A report from our research team illustrates the huge volume of UK office stock that, without investment, may become unfit for purpose.

Analysing how sustainable and energy efficient the UK’s office stock is, and to what extent it meets the requirements of the workforce today and in the future, the results highlight the challenges facing many commercial property owners, particularly of older or low-quality space.

Using 110,000 office records, our team analysed four key office quality metrics: EPC ratings, BREEAM assessment, office-grade classification, and age of office stock, looking at the picture nationally and in 12 major UK office markets.

Approximately 55 per cent of existing office inventory in the UK by floorspace is more than 30 years old and nearly a quarter was originally constructed before 1950.
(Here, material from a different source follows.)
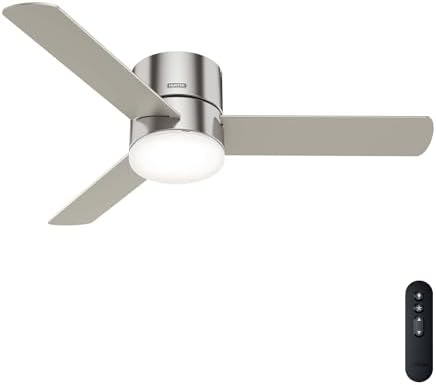 Hunter 52 inch Indoor Ceiling Fan with Light and Remote Control - For Bedroom or Living Room, Low Profile Mount, Modern Ceiling Fan with LED Light, Quiet, 3 Blades - Minimus 51431, Brushed Nickel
Whilst this is not necessarily negative, it certainly poses challenges. In many cases of course, repurposing older office space can reduce the need for new construction and promote sustainable urban development.

But, moving forward, much of the relevance of this stock will be defined by how proactive landlords and developers are in responding to legislation and the requirements of the modern workforce.
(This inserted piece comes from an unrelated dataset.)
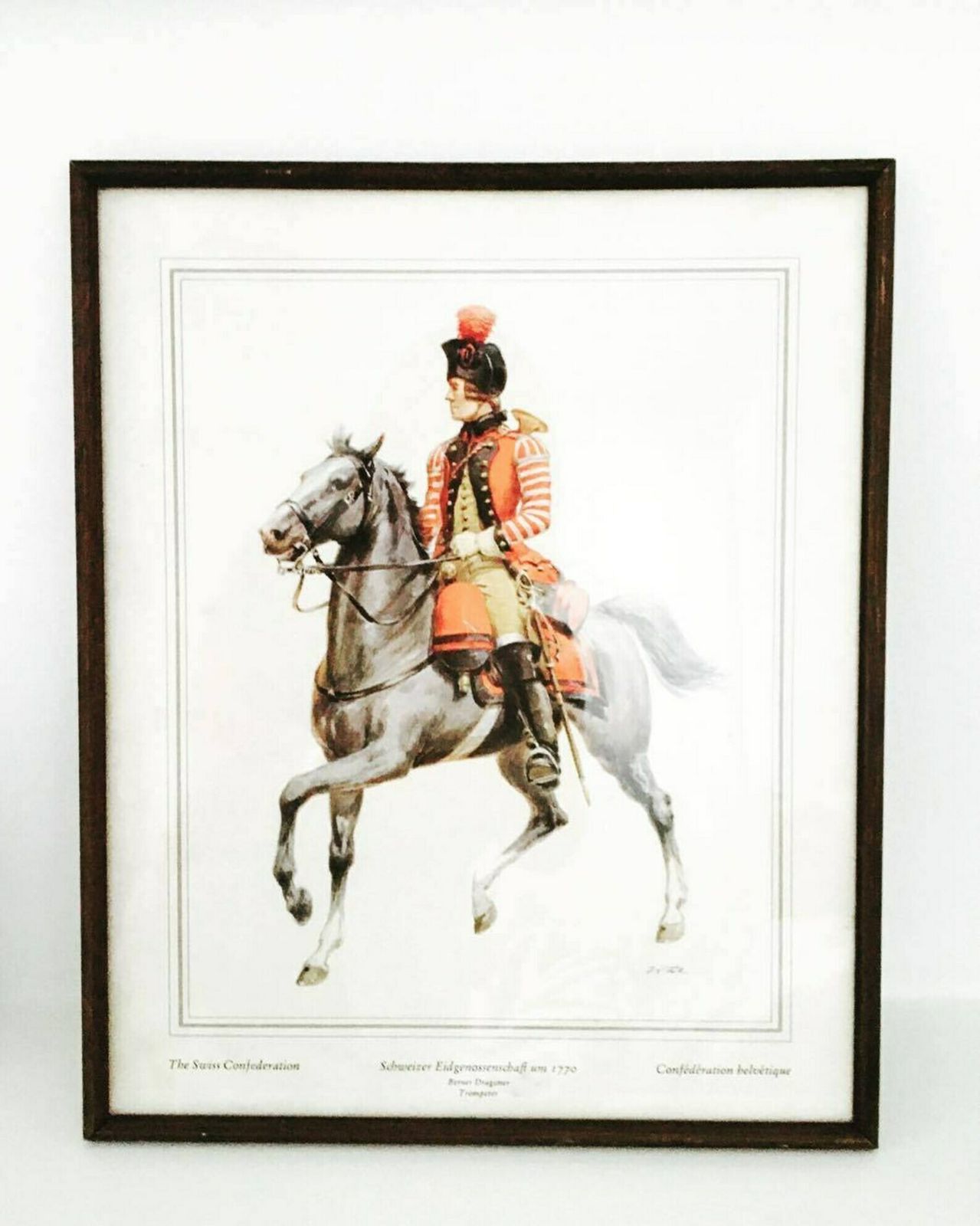 Wall Art Military Uniform Illustration Switzerland Militaria Military Regiment Switzerland Engraving, Regiment Officer, XVIII Century photo furniture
Our team classified the UK’s office buildings into classes 1-3, class 1 being the highest quality offices and class 3 being the poorest. These are used to differentiate buildings by quality, based on key factors such as location, age, building quality, amenities, and rental value.

Class 1 space accounts for 28 per cent of the total UK stock and is where most occupier demand is now focussed.

This means nearly three-quarters of the UK’s stock is not sufficiently high quality to attract a broad range of occupiers. Across the 12 cities analysed, Oxford has some of the most low-quality office space (class 3) as a percentage of the total office stock, at 28 per cent.

Office properties within EPC bands F and G account for 17.2 per cent of all offices in Great Britain, meaning that nearly a fifth of all office buildings potentially became unlettable from April 1, 2023, unless remedial action has been taken.

In reality, the figure will be lower as exemptions apply to certain properties. Additionally, some spaces may be in the process of being upgraded and re-assessed or may be vacant and awaiting a change of use.

Given the proposed tightening of the MEES regulation, a substantial proportion of office buildings will be unlettable by 2027 if upgrades are not carried out. Only 31.6 per cent of GB’s stock is band C or better, the minimum proposed MEES standard by 2027.

A mere 8.3 per cent of the stock would satisfy the proposed minimum MEES requirement of EPC band B from 2030.

There is a notable difference between the 12 locations analysed. Cities including Glasgow, Edinburgh, Birmingham and Bristol could find that 70 per cent of their stock will be unlettable by 2027 without capital investment, with this share of properties below the minimum standard potentially increasing to 90 per cent and above in 2030.

Our team then developed an Office Market Sustainability Index, comparing the average sustainability level of stock across the 12 UK office markets, to create an overall ranking. The findings conclude that London is at the forefront of sustainability initiatives and regulations, and it is ranked first among the 12 cities. Oxford sits in sixth place.

Overall, the report serves as a stark reminder as to how, as an industry, we need to encourage targeted strategies to improve sustainability and energy efficiency across our markets.

Whilst daunting, there are opportunities for clever refurbishment and redevelopment choices. A key question will be the extent to which market forces alone will drive this transformation without the need for further Government intervention.